Go down

Nell’era moderna viviamo tutti una condizione aleatoria, percepita come mutevole e densa di pericoli. Ci invita a provare a evitare il pericolo, oppure a fare ritorno al più presto a un luogo sicuro, meglio se sulla terraferma. È pur sempre possibile sfidare i limiti come fece Ulisse, oppure ritenersi imbarcati, una scelta che non vuole evitare il rischio ma lo accetta, nella forma di sfida, di scommessa con sé e con il mondo. Come sosteneva Pascal noi si sta sempre in mare aperto, non si può stare fuori dal gioco, non ci si può limitare a contemplare la sofferenza altrui ma ci si lascia coinvolgere, si passa all’azione.

 “Oh quale maggiore piacere può esservi che, toccata la terraferma e sotto un tetto, udire con i sensi assopiti cadere fitta la pioggia?” – Sofocle

“È dolce, mentre nel grande mare i venti sconvolgono le acque, guardare dalla terra il naufragio lontano; non perché il tormento di qualcuno sia un giocondo piacere, ma perché è dolce vedere da quali mali tu stesso sia immune.)” – Lucrezio

"Abbiamo lasciato la terra e ci siamo imbarcati sulla nave! Abbiamo tagliato i ponti alle nostre spalle – e non è tutto: abbiamo tagliato la terra dietro di noi. Ebbene, navicella! Guardati innanzi! […]  e non esiste più ‘terra’ alcuna!". Nietzsche

La metafora del “naufragio con spettatore”

Una delle metafore su cui amano cimentarsi i filosofi è quella del “naufragio con spettatore”. È tratta dal secondo libro del De Rerum Natura di Lucrezio, racconta di spettatori a distanza di sicurezza e che per questo godono di un piacere oscuro. Spettatori autocompiaciuti e indifferenti alle difficoltà e alle sofferenze di altri, che raccontano a sé stessi di sentirsi al sicuro, perché poggiano i loro piedi sulla riva del mare, mentre stanno assistendo al naufragio e al disastro che avviene, più o meno lontano, davanti ai loro occhi pensando che “il mare è sempre stato sospetto”. Nei nostri tempi cattivi, nichilisti e pornografici la metafora del naufragio con spettatore è declinabile nell’immaginare spettatori che sulla spiaggia si raccolgono per vedere naufragare i migranti, senza intervenire per salvarli perché li considerano indesiderati, dei barbari nemici in pericoloso avvicinamento (“mamma li turchi”). 
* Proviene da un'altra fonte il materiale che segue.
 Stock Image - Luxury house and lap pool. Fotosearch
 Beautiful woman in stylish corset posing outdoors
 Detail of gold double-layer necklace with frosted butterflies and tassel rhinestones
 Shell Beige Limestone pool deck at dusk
Siediti lungo la riva del fiume e aspetta, prima o poi vedrai passare il cadavere del tuo nemico”. – Confucio 

Una metafora rovesciata

La metafora potrebbe oggi essere interpretata, con uno slittamento di senso, come sorte comune, perché tutti in realtà stiamo naufragando. Nessuno di noi è realmente sulla riva, al sicuro, tutti partecipiamo allo spettacolo mediatico che ci colloca sulla terraferma. In realtà viviamo dentro realtà virtuali che del naufragio ci danno una immagine edulcorata, falsa.  Siamo portati a dimenticare che in realtà siamo già tutti dei naufraghi angosciati, dentro un’insicurezza che attanaglia tutti, a dispetto delle narrazioni ottimiste e rassicuranti degli innumerevoli sacerdoti e filosofi pop dell’ideologia, religione pagana, del progresso e del neoliberismo, alla quale siamo tutti chiamati a convertirci, a omologarci, pena l’esclusione, la scomunica e l’ostracismo. Una ideologia turbo-liberale e tecnocratica come quella oggi dominante non ammette critiche, meglio adeguarsi, per non urtare le “vestali” sempre pronte a difendere il “fuoco sacro” a cui sono dedite ed asservite. 
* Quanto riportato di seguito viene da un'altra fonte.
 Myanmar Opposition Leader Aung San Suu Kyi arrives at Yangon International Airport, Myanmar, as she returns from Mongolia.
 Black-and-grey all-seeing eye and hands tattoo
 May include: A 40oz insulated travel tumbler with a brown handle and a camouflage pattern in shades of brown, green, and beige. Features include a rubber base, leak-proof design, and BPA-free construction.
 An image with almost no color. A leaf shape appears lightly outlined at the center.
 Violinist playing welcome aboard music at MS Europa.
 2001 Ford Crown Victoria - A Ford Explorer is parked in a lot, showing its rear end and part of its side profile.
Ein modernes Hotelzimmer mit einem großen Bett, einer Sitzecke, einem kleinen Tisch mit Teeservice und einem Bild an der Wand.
Nonostante il solido muro del conformismo e delle sue narrazioni, nessuno si sente più al sicuro, di esserlo nessuno ci crede davvero. La tempesta è diventata l’habitat di tutti gli abitanti della Terra, capace come tale di determinare le tavole del fato e del destino di molti (il richiamo è alla mitologia mesopotamica e a Enlil, il Dio della tempesta e della Terra), determinando chi vivrà e chi morirà, chi prospererà e chi fallirà.  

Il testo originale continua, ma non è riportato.